US trade deficit widens in January as exports slump

WASHINGTON: The US trade deficit grew more than expected in January as exports slumped, outpacing the fall in imports amid a slowing global economy, Commerce Department data released Friday showed.

The trade gap increased 2.2 percent to $45.7 billion in January, the largest shortfall in five months and well above the analyst estimate of $44.0 billion.

US exports and imports fell to their weakest levels in five years, reflecting the sluggishness in the global economy, falling oil prices and a strong dollar.

Exports of goods and services fell 2.1 percent to $176.5 billion, the lowest level since June 2011.

Imports fell 1.3 percent to $222.1 billion, their lowest since April 2011.

The December trade gap was revised upward to $44.7 billion from $43.4 billion.

“The strength of the dollar is severely impeding exporters, making US goods increasingly uncompetitive in the international marketplace. Sluggish global growth is also weighing on demand for US products,” said Emily Mandel at Moody’s Analytics.

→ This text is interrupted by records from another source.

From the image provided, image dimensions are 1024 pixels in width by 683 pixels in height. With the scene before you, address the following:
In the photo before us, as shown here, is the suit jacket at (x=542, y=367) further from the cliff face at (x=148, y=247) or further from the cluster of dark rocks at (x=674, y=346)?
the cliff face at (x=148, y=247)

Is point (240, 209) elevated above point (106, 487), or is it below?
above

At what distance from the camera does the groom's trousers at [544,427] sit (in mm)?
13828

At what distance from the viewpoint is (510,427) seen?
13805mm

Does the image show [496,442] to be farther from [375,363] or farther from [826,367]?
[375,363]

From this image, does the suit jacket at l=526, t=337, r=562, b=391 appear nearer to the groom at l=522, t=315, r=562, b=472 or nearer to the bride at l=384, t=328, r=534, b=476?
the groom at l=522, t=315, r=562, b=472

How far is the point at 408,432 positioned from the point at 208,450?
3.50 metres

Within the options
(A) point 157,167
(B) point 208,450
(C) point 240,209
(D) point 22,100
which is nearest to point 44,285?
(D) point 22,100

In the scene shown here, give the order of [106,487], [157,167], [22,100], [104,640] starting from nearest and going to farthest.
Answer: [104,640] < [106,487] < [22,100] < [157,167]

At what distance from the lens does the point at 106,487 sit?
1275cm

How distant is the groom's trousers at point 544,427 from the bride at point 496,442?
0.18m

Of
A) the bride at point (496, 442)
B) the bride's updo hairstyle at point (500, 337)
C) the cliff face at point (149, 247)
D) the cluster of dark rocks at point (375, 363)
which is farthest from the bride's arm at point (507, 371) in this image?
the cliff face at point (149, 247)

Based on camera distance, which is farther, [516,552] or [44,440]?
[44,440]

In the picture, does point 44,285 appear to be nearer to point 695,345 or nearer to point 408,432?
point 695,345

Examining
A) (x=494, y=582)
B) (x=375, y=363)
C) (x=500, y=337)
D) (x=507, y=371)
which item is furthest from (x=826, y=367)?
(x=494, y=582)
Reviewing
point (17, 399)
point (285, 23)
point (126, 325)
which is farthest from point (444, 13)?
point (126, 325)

It was the second consecutive month of a widening in the trade gap, underscoring the global slowdown led mainly by China.

Jim O’Sullivan, chief US economist at High Frequency Economics, said that if the January levels were sustained, weaker exports could shave about a half point on economic growth in the first quarter.

“Of course, despite the drag from trade, overall growth still looks strong enough to generate ongoing labor market improvement,” O’Sullivan said, pointing out the Labor Department’s February jobs report released Friday.

Jobs growth of 242,000 came in much better than expected and the unemployment rate held at 4.9 percent, an eight-year low, indicating employers were defying the global slowdown as consumer spending grew steadily, at least for now. US growth is expected to ease in the coming months.

– Widening China gap –

The politically sensitive goods trade gap with China, the biggest US trade partner, grew 3.6 percent to $28.9 billion in January. Exports, particularly civilian aircraft, to China fell to $8.21 billion, the lowest level since July 2011.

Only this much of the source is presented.